At least Discover Bank didn't cut its 10-year CD rate. That remains at 2.50% APY. Discover tends to change this 10-year rate less often than the shorter-term rates, but when it changes, it can be a big drop. For example, before the yield was cut to 2.50% in September, it had been 3.00% for almost a year.

So if you had been holding off opening a CD, these latest rate cuts are something to consider. It's another sign that CD rates continue to trend down.

Rates are holding up better at credit unions. You can see how long-term CD rates at two popular credit unions compare to Discover Bank's 10-year CD in my post Comparing the Best CD Rates After Early Withdrawal Penalties. I think it's likely that we'll see more rate cuts at these credit unions. Police and Fire Federal Credit Union (PFFCU) in Philadelphia had a good explanation in January how they were able to offer such competitive rates and why those rates had to fall. Here are excerpts:

Because our members have more deposits with us than loans, every new dollar deposited in PFFCU is currently added to our investment portfolio. We are very conservative in our investments, choosing only those investments that have a government guarantee. These guaranteed investments are currently only earning between 0.25% and 1.0%.
[...]
We made investments in 2008 and 2009 that are earning 4%. As these investments mature in 2010 and 2011, we must re-invest this money in the same safe investments discussed above that are only earning 0.25% to 1.0%. Our deposit rates have to reflect what PFFCU can earn on its investment portfolio so that PFFCU remains financially sound.
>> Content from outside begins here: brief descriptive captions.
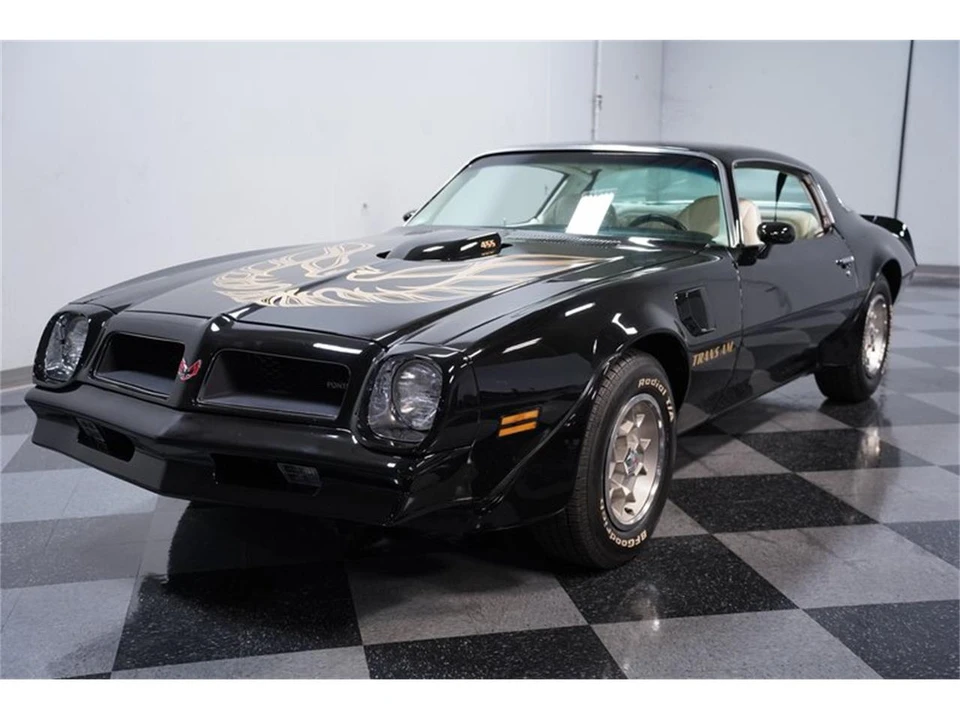 1976 Pontiac Firebird 2nd Gen - Image 16 of 31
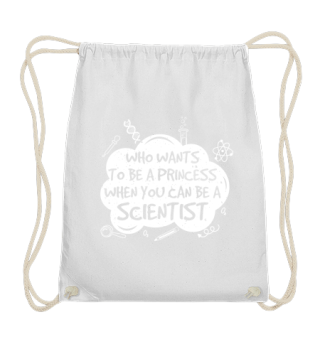 Who Wants To Be A Princess... Science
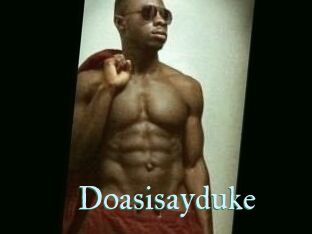 Doasisayduke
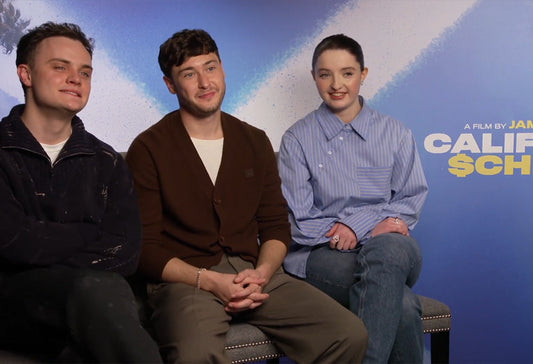 James McAvoy’s Directorial Debut California Schemin’: True Story, Cast Interview & Review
I believe this explanation is applicable to all banks and credit unions, and it shows why rates may continue to fall when Treasury yields are so low (Current 5-year and 10-year Treasury yields are 0.88% and 1.93% respectively).

To find the best CD rates, please refer to our CD rate tables. CDs can be filtered by state and by investment amounts. Please refer to this post to learn how to use the filter feature.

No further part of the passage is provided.